Aos fundos da linda igreja, o
visitante, mais curioso e atento, perceberá uma escada discreta e, se por ela
subir os degraus, achará um platô** onde funciona um Café; ali poderá sentar-se
a observar toda a cena, confortavelmente, enquanto se refresca com uma boa cerveja
ou saboreia um delicioso “drink”.
A Igreja de Santa Luzia, também de
telhados vermelhos, não é tão grande, mas é superbém cuidada e se mantém
altiva tanto quanto a coluna do seu guardião: um senhor de uns 90 anos, magro e
narigudo; vestido em um uniforme jaquetão garboso, azul petróleo, com uma medalha da
Cruz de Malta no peito e um bigodinho indefectível, como não poderia deixar de
ser. Respeitoso e rígido como um militar de plantão numa guarita, mãos para trás em completa
subordinação, devidamente enquadrado por trás do balcão, logo à entrada, recebe
os visitantes ou pagadores de promessas. Ali, sobre o balcão, numa cesta-gazofilácio***
são depositadas as oferendas e as esmolas.

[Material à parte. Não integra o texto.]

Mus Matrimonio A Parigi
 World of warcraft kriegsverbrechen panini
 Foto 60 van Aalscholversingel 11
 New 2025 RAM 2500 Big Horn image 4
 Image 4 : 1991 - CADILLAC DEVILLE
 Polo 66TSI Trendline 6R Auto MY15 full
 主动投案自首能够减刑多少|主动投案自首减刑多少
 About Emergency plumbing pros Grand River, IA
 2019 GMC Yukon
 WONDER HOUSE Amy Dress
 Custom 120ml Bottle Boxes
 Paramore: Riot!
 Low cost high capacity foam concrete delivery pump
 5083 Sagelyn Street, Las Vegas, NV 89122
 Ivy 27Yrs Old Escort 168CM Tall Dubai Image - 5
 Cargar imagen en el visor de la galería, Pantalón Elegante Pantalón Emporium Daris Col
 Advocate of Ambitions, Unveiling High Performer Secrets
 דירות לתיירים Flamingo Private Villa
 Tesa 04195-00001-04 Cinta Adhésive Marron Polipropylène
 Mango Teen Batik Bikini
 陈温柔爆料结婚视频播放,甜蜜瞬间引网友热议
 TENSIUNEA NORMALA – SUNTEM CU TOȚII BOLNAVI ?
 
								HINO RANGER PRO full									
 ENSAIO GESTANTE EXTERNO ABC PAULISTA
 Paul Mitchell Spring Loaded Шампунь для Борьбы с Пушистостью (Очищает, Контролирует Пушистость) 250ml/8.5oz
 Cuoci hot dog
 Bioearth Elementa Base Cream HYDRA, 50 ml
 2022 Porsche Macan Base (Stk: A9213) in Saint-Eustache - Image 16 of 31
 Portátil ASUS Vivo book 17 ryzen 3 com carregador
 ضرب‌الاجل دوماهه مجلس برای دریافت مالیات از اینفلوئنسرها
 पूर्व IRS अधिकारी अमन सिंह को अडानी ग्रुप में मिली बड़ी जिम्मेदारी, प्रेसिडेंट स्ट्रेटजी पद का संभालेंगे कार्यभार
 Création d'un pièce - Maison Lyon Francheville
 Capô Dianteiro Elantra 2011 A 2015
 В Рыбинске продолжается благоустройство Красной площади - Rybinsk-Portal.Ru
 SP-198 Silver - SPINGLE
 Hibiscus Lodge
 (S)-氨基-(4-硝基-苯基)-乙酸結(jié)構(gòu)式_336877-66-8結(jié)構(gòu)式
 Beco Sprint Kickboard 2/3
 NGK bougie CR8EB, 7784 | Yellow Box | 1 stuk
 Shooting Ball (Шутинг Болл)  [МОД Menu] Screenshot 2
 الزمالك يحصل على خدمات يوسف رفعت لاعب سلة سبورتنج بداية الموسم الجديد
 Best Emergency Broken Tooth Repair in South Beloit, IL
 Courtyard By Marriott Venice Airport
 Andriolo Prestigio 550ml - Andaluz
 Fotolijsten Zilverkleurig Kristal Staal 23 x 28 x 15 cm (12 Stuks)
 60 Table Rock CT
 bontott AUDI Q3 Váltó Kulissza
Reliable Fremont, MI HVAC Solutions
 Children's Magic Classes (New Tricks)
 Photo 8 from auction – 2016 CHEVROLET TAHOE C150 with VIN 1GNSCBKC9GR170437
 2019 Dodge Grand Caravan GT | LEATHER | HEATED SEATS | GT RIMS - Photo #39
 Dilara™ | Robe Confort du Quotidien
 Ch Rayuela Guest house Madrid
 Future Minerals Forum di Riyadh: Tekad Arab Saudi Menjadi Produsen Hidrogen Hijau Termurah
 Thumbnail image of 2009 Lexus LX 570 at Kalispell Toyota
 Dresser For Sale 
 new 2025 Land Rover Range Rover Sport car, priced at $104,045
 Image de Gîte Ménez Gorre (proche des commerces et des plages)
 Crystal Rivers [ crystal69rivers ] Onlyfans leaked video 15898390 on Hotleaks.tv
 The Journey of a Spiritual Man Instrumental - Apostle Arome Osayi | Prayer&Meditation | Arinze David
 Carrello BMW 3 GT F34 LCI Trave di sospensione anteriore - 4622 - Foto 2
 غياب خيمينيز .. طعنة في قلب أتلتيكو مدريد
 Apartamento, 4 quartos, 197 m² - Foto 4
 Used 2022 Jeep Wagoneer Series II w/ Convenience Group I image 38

- Muito bom dia e seja muito bem-vindo à
Igreja de Santa Luzia! - assim me recebeu, com distinta simpatia, o fiel
soldado-guardião de Santa Luzia.
Ao perceber que eu era
brasileiro, esclareceu:
- A nossa Santa Luzia é brasileira, o
senhor sabia? - Claro é que eu não sabia. O que eu sabia, até então, era que o
Brasil não tinha santos reconhecidos pelo Vaticano.
- Brasileira? Como assim? - Indaguei com enorme curiosidade e ele acompanhou-me até ao oratório e, à minha direita, discreta e sem enfeites, sem brilho ou velas, encontrava-se uma estátua em madeira, de cor marrom como um hábito franciscano, de pescoço longo que, com todo o respeito, me lembrou a Olívia Palito. As suas formas mostravam com exuberância uma mulher de saias esvoaçantes e cabelos tão volumosos e ondulados que faziam o seu rosto ficar minúsculo.
- O senhor sabe quem esculpiu a nossa
Santa Luzia? - Perguntou-me o velho guardião.
Como eu poderia saber? Eu acabara de chegar a Lisboa e não sou grande conhecedor de artes, muito menos de santas.
Eu, em minhas conjecturas mentais, tentava adivinhar quem seria o autor. Pensei nos artistas pernambucanos e baianos que tão bem sabem fazer santos, seja em barro, madeira ou quaisquer outros materiais.
- Quem esculpiu a nossa Santa Luzia foi o
mineiro Aleijadinho. – Foi então que, muito, me emocionei ante a obra de
Antonio Francisco Lisboa, o nosso escultor maior, aclamadíssimo artista da
arquitetura colonial, o nosso brasileiro: o Aleijadinho.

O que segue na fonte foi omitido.